Aside from the Sparks collaboration, Franz Ferdinand has also had an interesting line-up change in the interim, which may also be fueling their renewed ambition towards a properly recognised 'comeback'. Long-time guitarist and co-writer Nick McCarthy left the band in 2016 to pursue other family and musical interests, though apparently, the door remains wide open for him to return(https://consequenceofsound.net/2016/07/franz-ferdinand-guitarist-nick-mccarthy-is-leaving-the-band/). In his wake comes Julian Corrie, better known as Miaoux Miaoux, the Glasgow-based electronic musician who has worked with a whole cast of notable musicians in his time. Corrie's recruitment is an immediate suggestion that Franz Ferdinand are wishing to bring something new to their arsenal of generally appealing indie-pop-rock music, which tend to always have at least one or two noteworthy tracks.
With the album's lead-single, opener and title track, Franz Ferdinand confirmed all those suspicions. 'Always Ascending' is an ode to post-punk's fascination with funk music with a healthy dollop of Hercules and Love Affair-esque synths provided by Corrie that is perhaps the band's best and most exciting song in well over a decade. And luckily enough, it doesn't just stop there, the second track and another recent single 'Lazy Boy' keeps up the momentum and following straight after is the excellent 'Paper Cages' which will quell some potential returning fan's fears of whether they really need a new Franz Ferdinand album in 2018.

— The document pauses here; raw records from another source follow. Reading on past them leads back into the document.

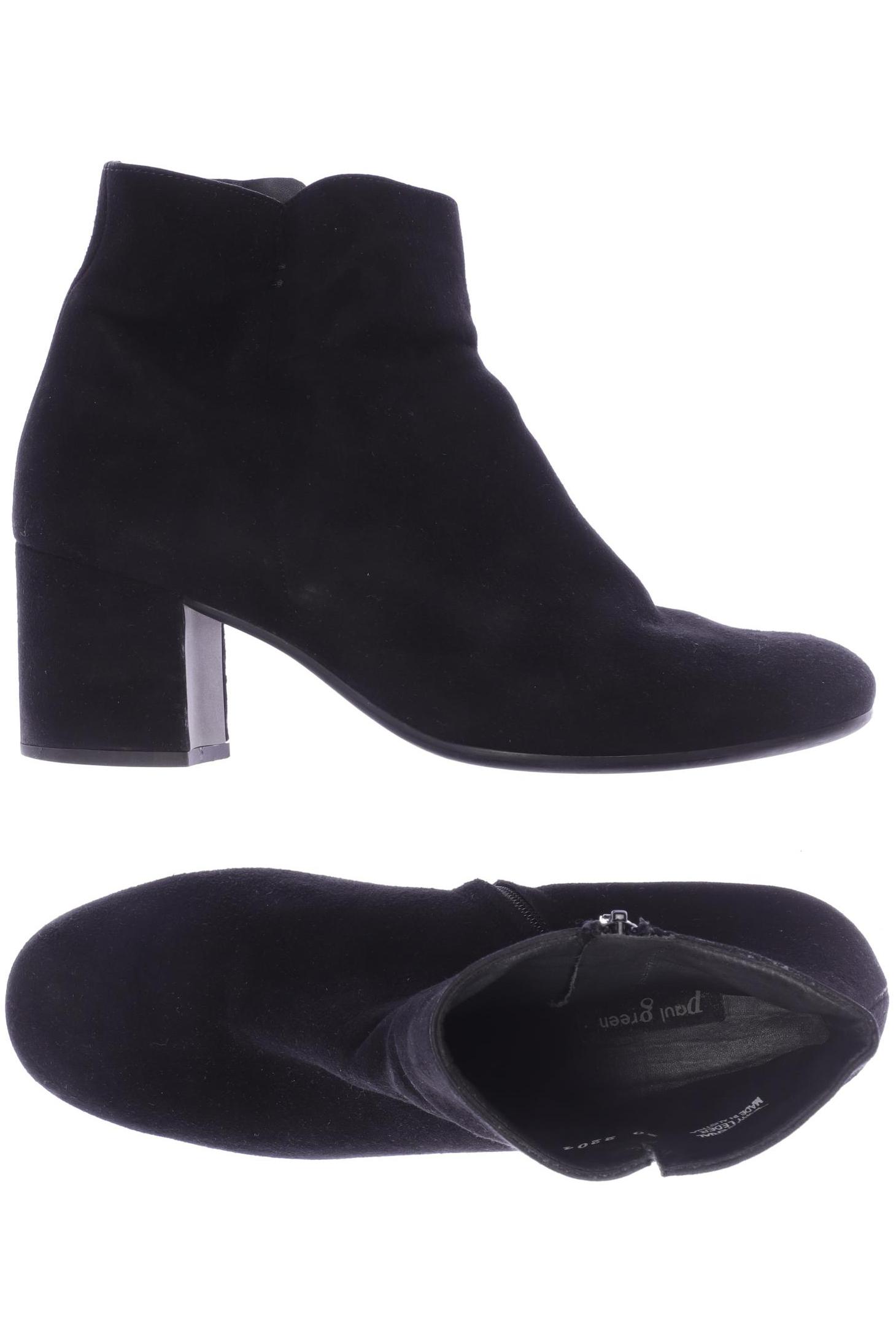 

Paul Green Damen Stiefelette, schwarz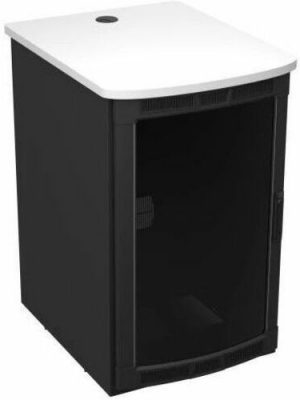 25SP 32DEEP PLEXI DOOR AND DES WHITE TOP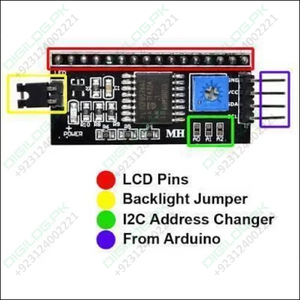Pcf8574 Iic I2c Serial Interface Adapter Module Lcd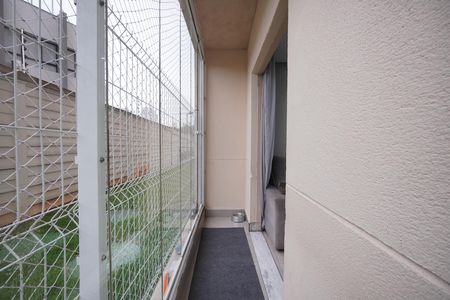 Apartamento para alugar com 45m², 2 quartos e sem vagaVaranda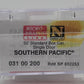 Micro-Trains 03100200 N Southern Pacific 50' Single Door Boxcar #652253 LN/Box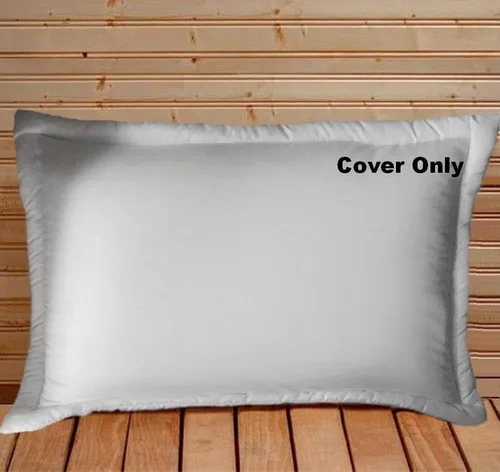 Vista 2 de Funda de repuesto de poliéster alternativo con cremallera de repuesto para almohada de tamaño estándar a queen
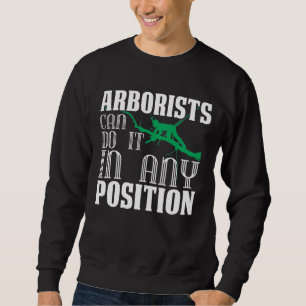 Sweatshirt Grimpeur des arboristes Arboriculteur bûcheron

So far so good then, but what of the album tracks? It would be an overstatement to say Franz Ferdinand have radically changed their sound because of Corrie's influence. Indeed, there seems to be a natural progression here for the band to tip their hats to their musical heroes in places, most visibly David Bowie (Brian Eno-era especially) and David Byrne. It is important to note however that on Always Ascending, the album's songwriting credits are evenly shared between the band, rather than the usual duo of (Alex) Kapranos and the currently departed McCarthy. The chorus of 'Huck and Jim' for instance really tries to hammer that later Bowie sound in a similar manner to James Murphy, but actually end's up being one of the album's minor disappointments (no less because Kapranos ill-advisedly attempts to 'rap' in the pre-chorus) while over-egging it's metaphor about Britain and America's current ills.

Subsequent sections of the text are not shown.